They had set up a podium and folding chairs, in the old parish hall, which is now part of the museum complex, but I would have felt so stupid, standing up and talking to barely a dozen people, so I just said, heck with it; we pulled some chairs around in a circle, and I rattled on for a bit about how I came to write the books, what was so fascinating about the 19th century, and how I did research, then I read a bit from Book One (the part where the first party of settlers had a bonfire and celebrated among the trees on the first night after arriving at the site of Fredericksburg.) After that – question time!

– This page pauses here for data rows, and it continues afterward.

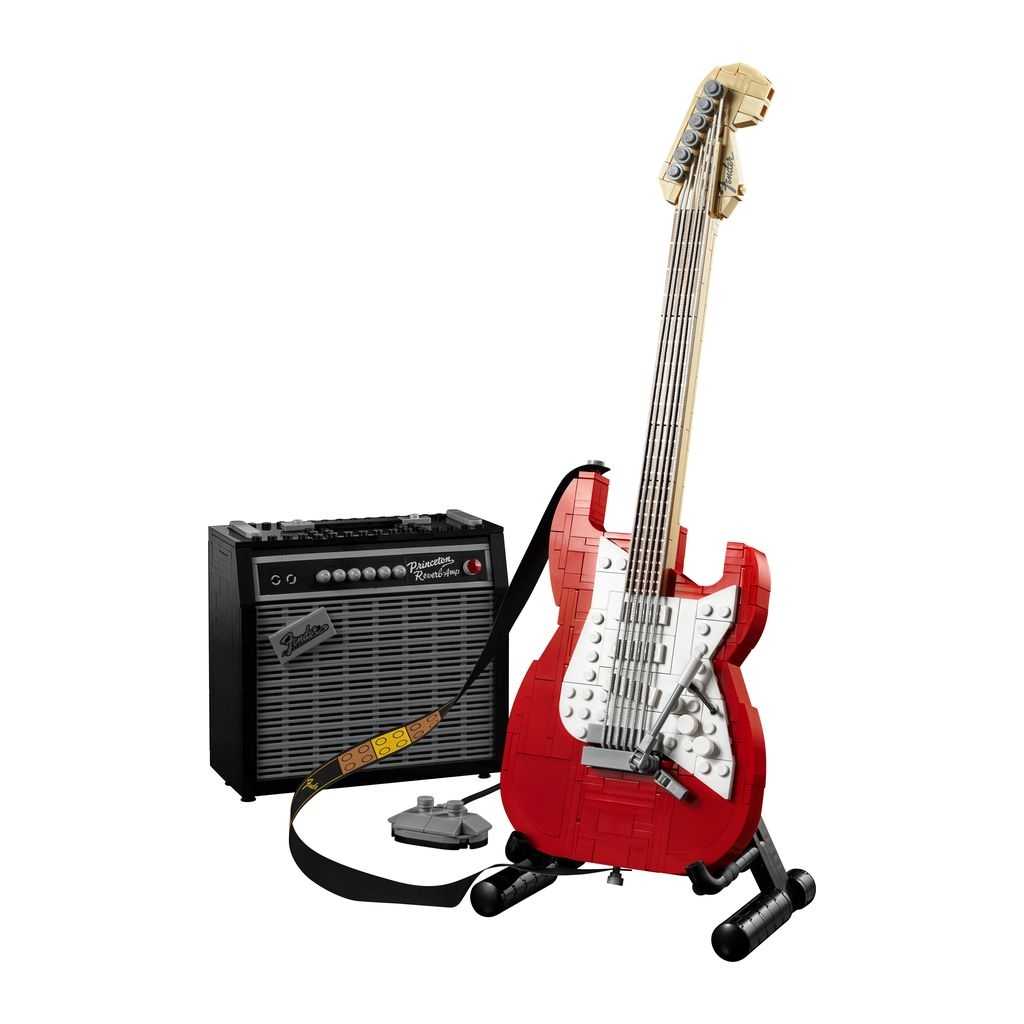 Ideas Lego LEGO Ideas: Fender Stratocaster Edades 18+ # 21329 Artículo 1074 Piezas | GES-923814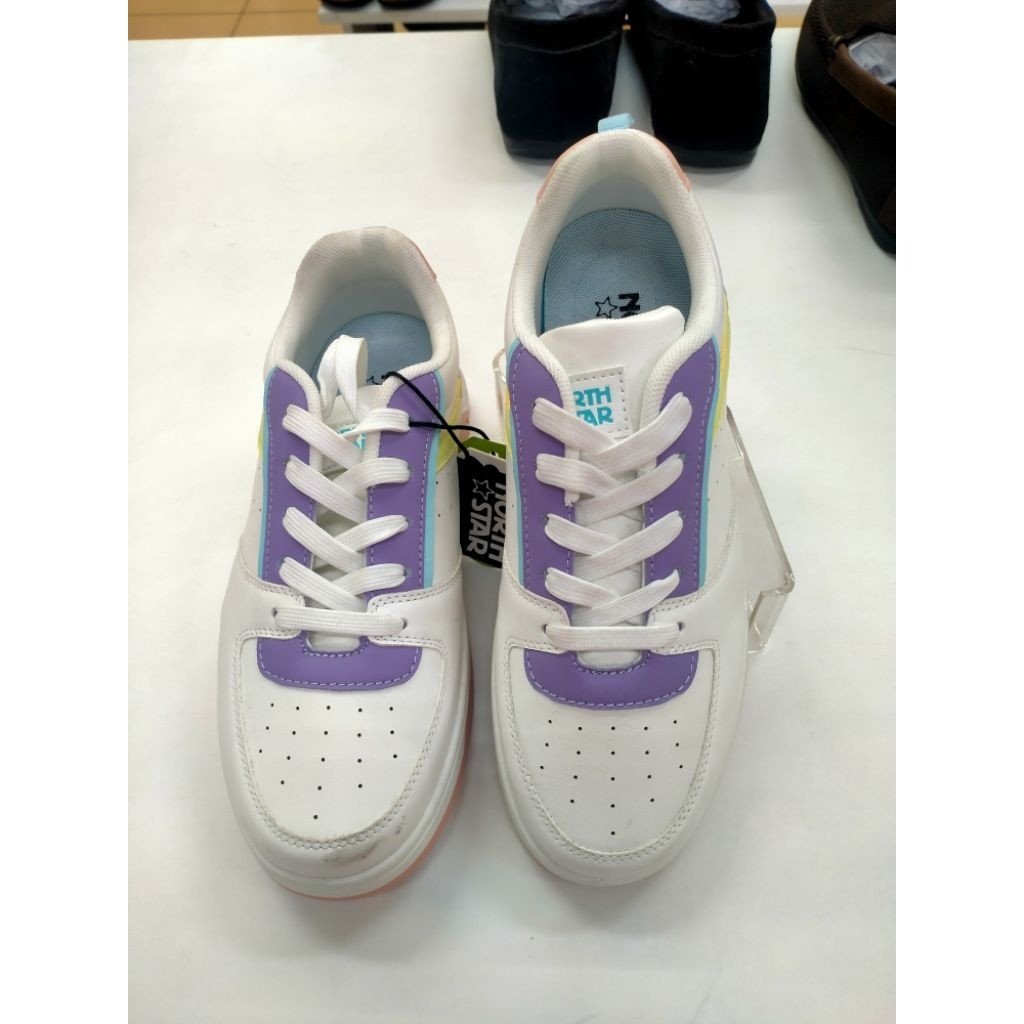 sepatu sneaker wanita north star bata new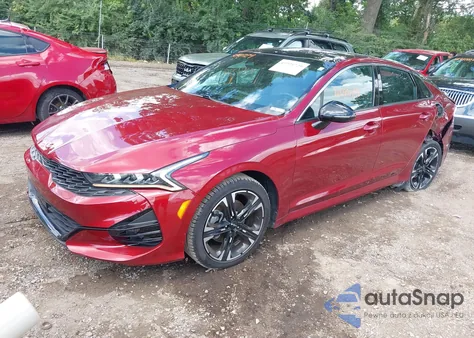 2022 Kia K5 Gt-Line z USA, uszkodzony, nr VIN 5XXG64J2XNG093331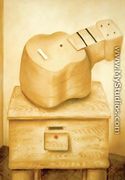 Guitar Guitarra - Fernando Botero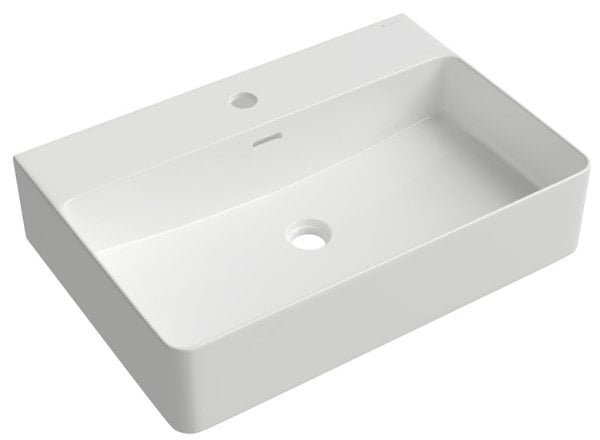 Накладная раковина Aqueduto Espiral ESP0510 61 см белый глянцевый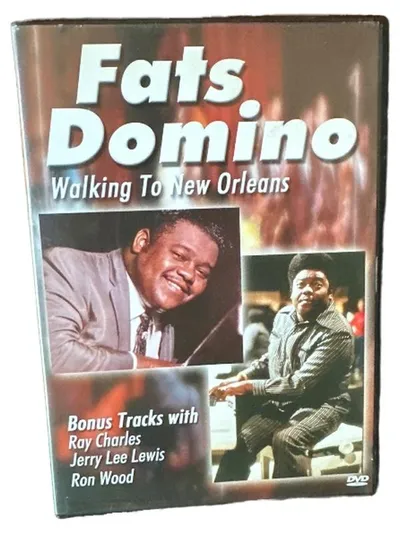 Fats Domino - Walking To New Orleans DVD Live in Concert Ray Charles Jerry Lee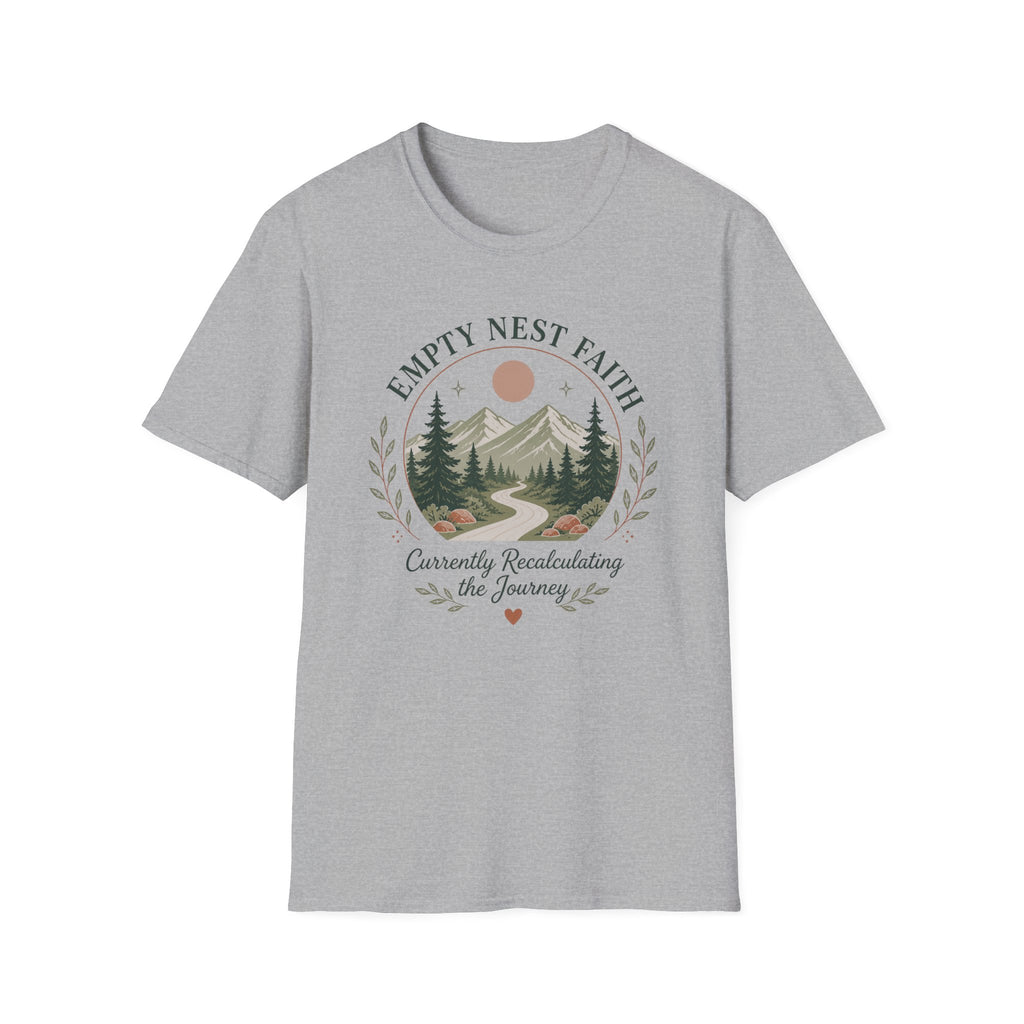 Empty Nest Faith River T-Shirt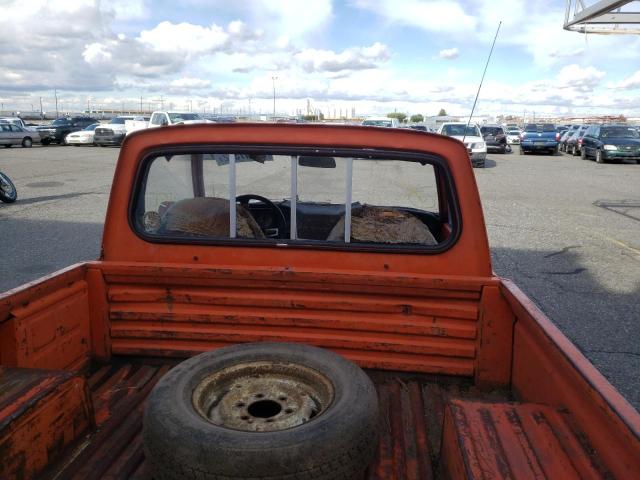 CLN1488218496 - 1978 CHEVROLET LUV ORANGE photo 9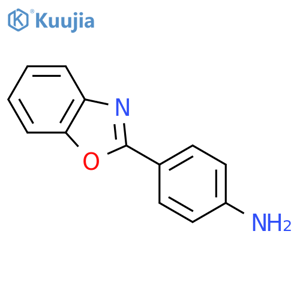 4-(Benzo[d]oxazol-2-yl)aniline structure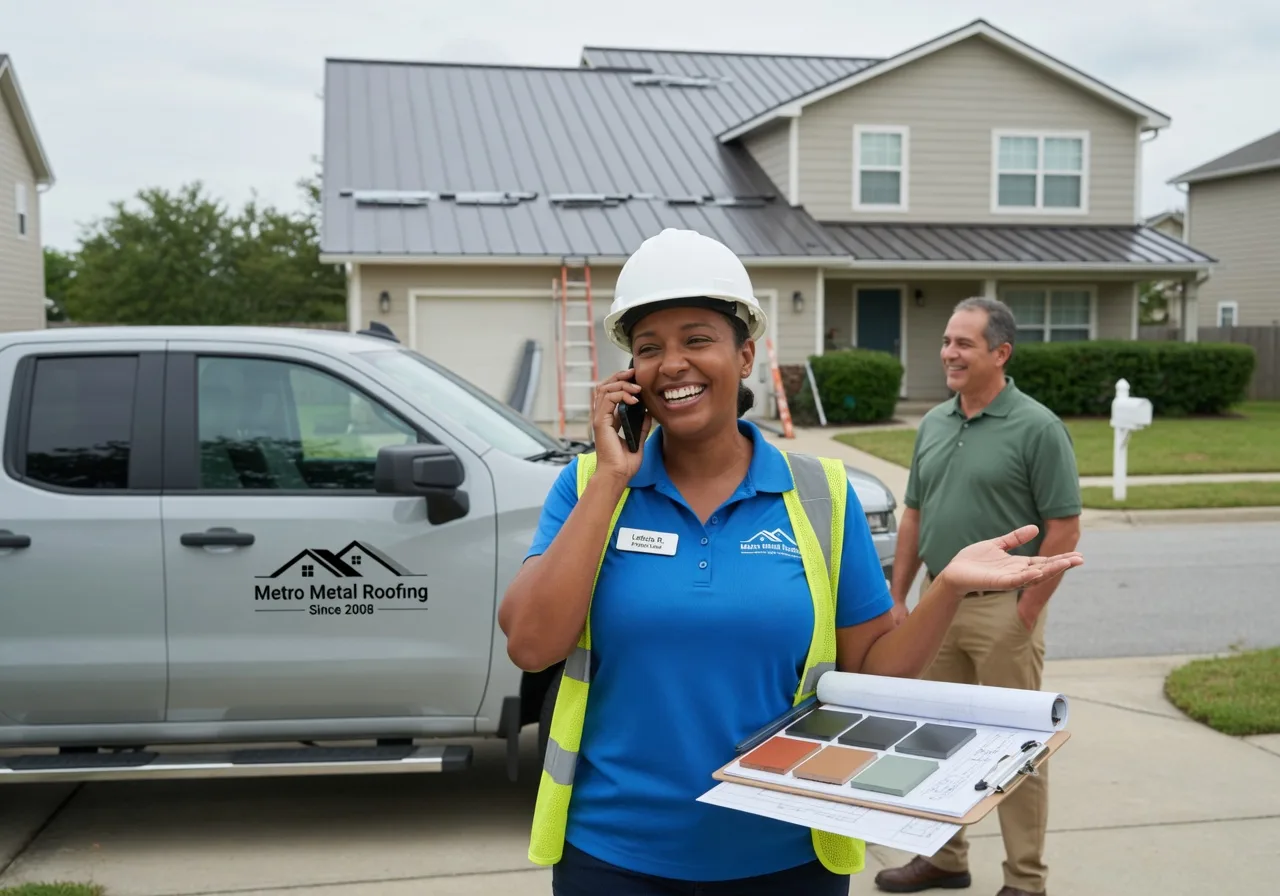 Storm Damage Metal Roof Repair in Endeavor, WI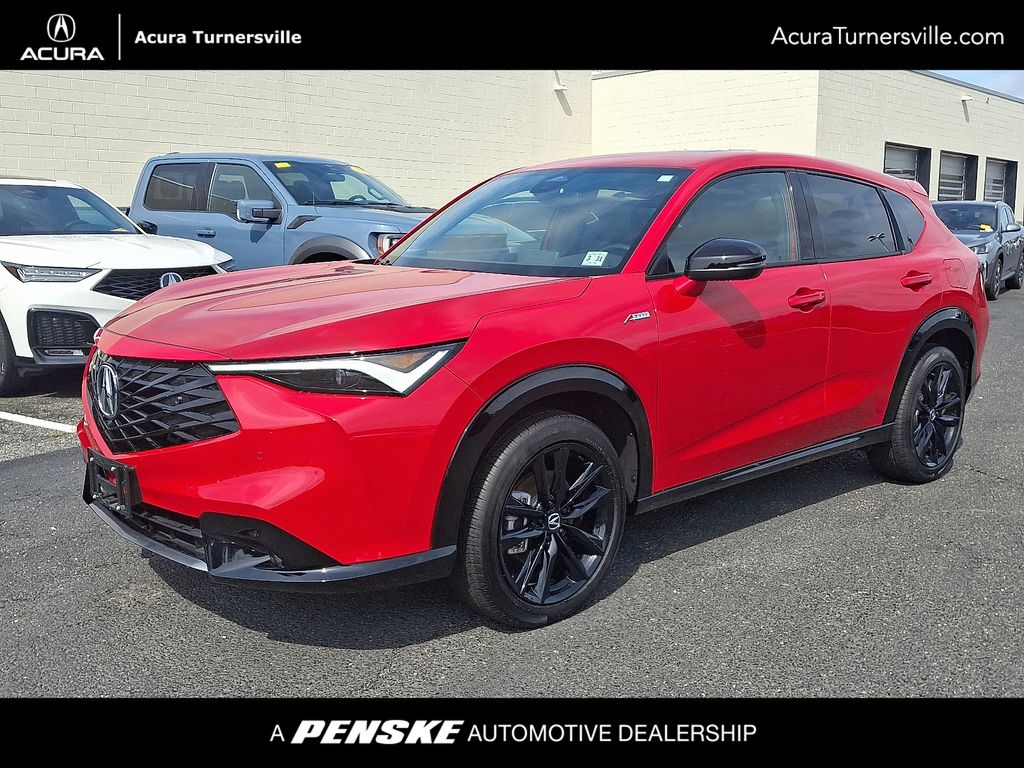 Thumbnail: 2025 Acura ADX - 1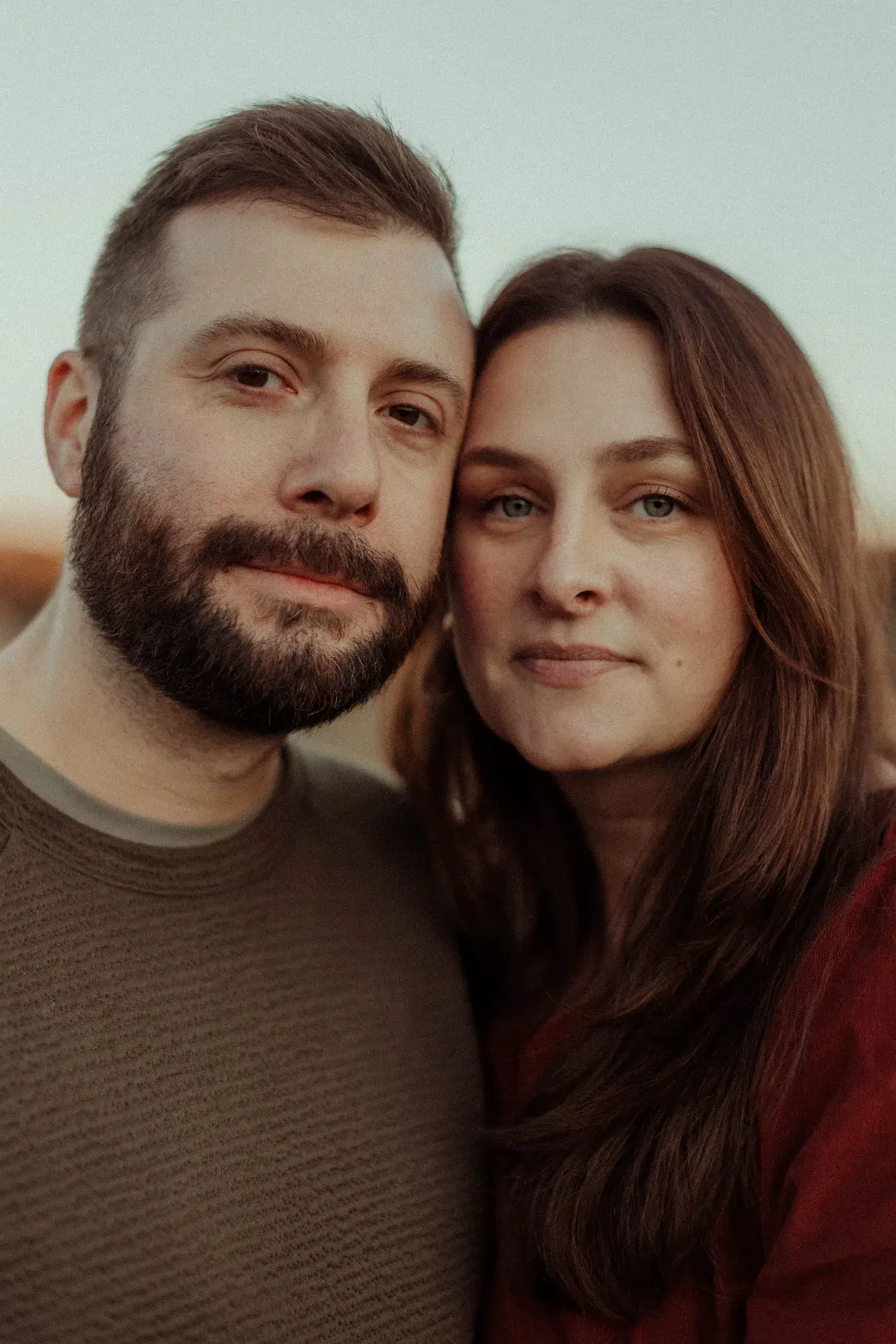 Portrait of Vignette co-founders Chase and Lauren Reidinger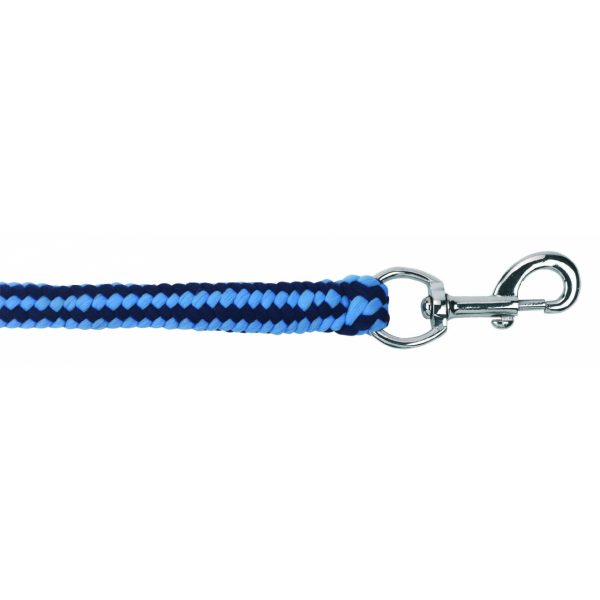 Covalliero Hippo vezetőszár világoskék karabiner 321440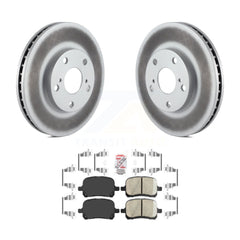 Transit Auto KGA-100415 Disc Brake Kit for 1997-2004 Toyota Avalon, Toyota Solara and More - Front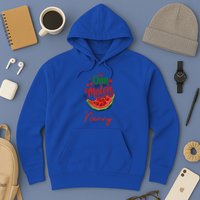 Funny One In A Melon Nanny Matching Group Gift Hoodie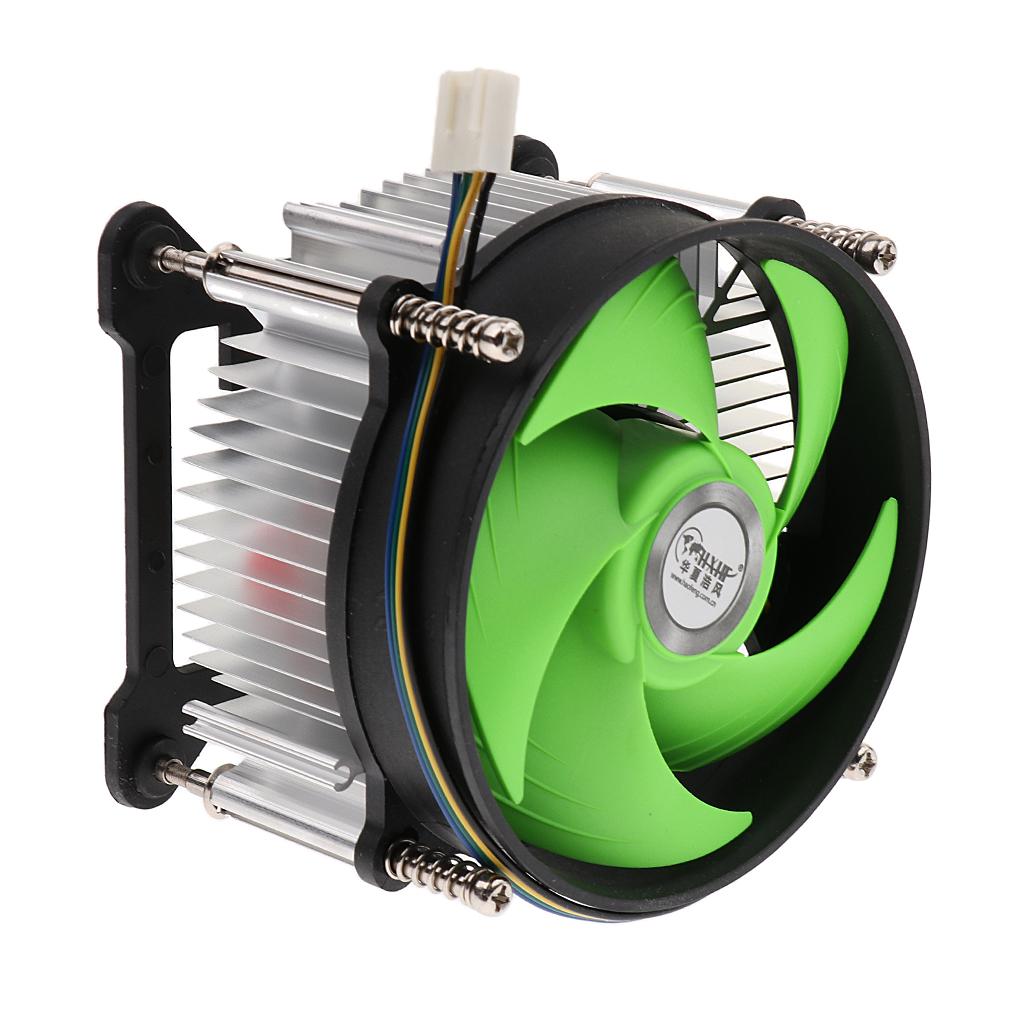 4Pin Computer CPU Cooling Cooler Fans Case Quiet Heatsinks 90x90mm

Not terribly difficult ones; most about Fredericksburg, and the Civil War, and the Mainzer Adelsverein. All those present were interested and knowledgeable, and I have been so steeped in the original sources over the last two years that I could hold my own. Brief discussion of how many murders there actually had been on Main Street (only two, of the Itz brothers during the Civil War – J.P. Waldrip was killed a little way off Main, Louis Scheutze was taken from his house on Main and killed elsewhere), of the ways in which Prince Karl of Solms-Braunfels was an idiot (a practically endless list), the origin of the Easter bonfires on the hilltops around Fredericksburg (transplanted regional folk-way, nothing much to do with Indians) and the fact that long-trail cattle drives from Texas to Kansas only went on for barely ten years.

And the most gratifying part was that almost everyone at the discussion had either already bought a set of the Trilogy, or went and bought one directly afterwards, and brought it back for me to sign. As I had hoped, many of them have some connection or special interest: the lady who came 200 miles now owns the house which was built by the Itz family. Richard has ancestors on either side who are mentioned; Lt. Wilke, who went with John Meusebach on his peace mission to the Comanche, and the Stielers of Comfort who were strong Unionists – and still have a large ranch property on the road between IH-10 and Fredericksburg.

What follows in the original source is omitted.